Goldman’s road to Wellsness
Most free marketers are happy to overlook a certain amount of outsmartiness from investment banks. After all, these are the rocket scientists who made mountains of cash by piling multiple levels of risk on dodgy investments and calling them hedges. Sure, such alchemy blew up in many a face, but the logic behind the free market does have a role to play here. Shorting synthetic CDOs would have ultimately helped force the market to recognize how much hot air was behind the subprime-fueled boom. But by not disclosing a mechanism built to fail — the Abacus CDO in question — Goldman Sachs may have taken too deep a bite out of the hand that feeds it.
When companies are being investigated by the SEC, they get a Wells Notice. They usually tell the markets when they get one.
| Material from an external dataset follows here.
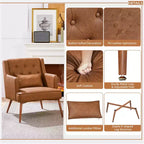 Yaheetech Lot de 2 Fauteuils d'Appoint Modernes capitonnés avec Support Lombaire, Marron Rétro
It’s a disclosure thing — you need to be upfront with the market about information that could be material to your results. There is no crime in not telling markets that you’ve received a Wells Notice, so long as the information is not material. But Goldman’s share price is tumbling, and even if it wins its battle with the SEC, Goldman could face angry shareholder charges for not revealing much sooner that it faced potential civil liability.
In those corners of the markets so consumed with conspiracy theory, it’s hard not to notice how close the timing of the charges comes to the debate on Capitol Hill about financial regulatory reform. On CNBC this morning, Democratic Senator Barney Frank dissed the idea of a conspiracy, as he would have been expected to do, but he admitted that the timing of the Goldman explosion helps Democrats’ chances of getting legislation through Congress.
It may have been misguided for Goldman to sit on its Wells Notice because it was expecting to settle with the government in such a way that would be immaterial to its financial performance. But it would have been delusional to think the issue would not become a defining one with Washington frothing over financial reform.